Gli abitanti sono distribuiti in 2.921 nuclei familiari con una media per nucleo familiare di 2,95 componenti.

Cenni geografici: Il territorio del comune risulta compreso tra i 35 e i 177 metri sul livello del mare.

L'escursione altimetrica complessiva risulta essere pari a 142 metri.

Cenni occupazionali: Risultano insistere sul territorio del comune 468 attività industriali con 1.407 addetti pari al 43,15% della forza lavoro occupata, 224 attività di servizio con 569 addetti pari al 17,45% della forza lavoro occupata, altre 202 attività di servizio con 768 addetti pari al 23,55% della forza lavoro occupata e 30 attività amministrative con 517 addetti pari al 15,85% della forza lavoro occupata.

Risultano occupati complessivamente 3.261 individui, pari al 37,86% del numero complessivo di abitanti del comune.

Poggio a Caiano sorge lungo la riva destra del fiume Ombrone.

L'economia locale si basa sull'attività di numerose industrie tessili, conciarie e calzaturiere. Fiorente è anche la produzione vinicola.

Il nome della località ha origine da un composto di "Poggio" e del nome locale "Caiano" che deriva dal latino "Carius", al quale venne successivamente aggiunto il suffisso "-anus".

I primi insediamenti nella zona risalgono all'epoca dei Romani, ma l'effettivo consolidamento del borgo avvenne in epoca medievale.

Durante il XII secolo il comune di Prato fece costruire un ponte che attraversava il fiume Ombrone e collegava la pianura pratese alla zona del Montalbano. Contemporaneamente alla costruzione del ponte venne eretto anche un castello fortificato.

Grazie alla sua posizione strategica, Poggio a Caiano divenne un importante centro ove si svilupparono fiorenti traffici fluviali di prodotti provenienti da Prato.

Nel 1420 il Castello di Poggio a Caiano venne sottoposto alla giurisdizione dei Cancellieri, i quali aggiunsero alla costruzione un parco e successivamente cedettero il Castello, ormai trasformato in villa, alla famiglia Strozzi.

Alla fine del Quattrocento i Medici entrarono in possesso della villa e ne mantennero la proprietà fino all'inizio del Settecento. Vista la fortunata posizione geografica della villa Lorenzo de' Medici la fece ristrutturare e ampliare su progetto dell'architetto Giuliano da Sangallo (1443-1516).
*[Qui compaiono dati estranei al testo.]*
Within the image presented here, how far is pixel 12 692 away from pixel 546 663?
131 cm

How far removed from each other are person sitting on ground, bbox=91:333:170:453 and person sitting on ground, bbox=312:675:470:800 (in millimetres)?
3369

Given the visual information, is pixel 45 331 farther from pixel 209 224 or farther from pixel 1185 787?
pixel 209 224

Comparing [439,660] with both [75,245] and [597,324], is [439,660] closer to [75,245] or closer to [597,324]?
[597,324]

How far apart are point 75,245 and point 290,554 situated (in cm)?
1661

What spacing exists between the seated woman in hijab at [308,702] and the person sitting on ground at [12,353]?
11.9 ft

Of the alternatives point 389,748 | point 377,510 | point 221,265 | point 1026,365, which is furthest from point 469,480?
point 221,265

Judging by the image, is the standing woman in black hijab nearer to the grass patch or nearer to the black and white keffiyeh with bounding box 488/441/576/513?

Alla morte dell'ultimo discendente del casato mediceo, Poggio a Caiano passò ai Duchi di Lorena, i quali ebbero in proprietà anche della Villa Medicea.

Il periodo della dominazione lorenese si protrasse fino all'inizio dell'Ottocento, quando il territorio di Poggio a Caiano venne invaso dai Francesi, i quali rimasero stanziati sul territorio fino al 1814.

Nel 1815 Poggio a Caiano venne annesso al Granducato di Toscana e nel 1861 venne unito al Regno d'Italia dal Re Vittorio Emanuele II di Savoia.

Tra i monumenti di maggiore rilievo a Poggio a Caiano citiamo qui la Prepositura di Santa Maria del Rosario, la Chiesa di San Francesco e la Villa Ambra, di età medicea.

Tra le manifestazioni che si svolgono periodicamente a Poggio a Caiano segnaliamo qui il "Mercatino dell'Antiquariato" che si svolge nella seconda metà di novembre.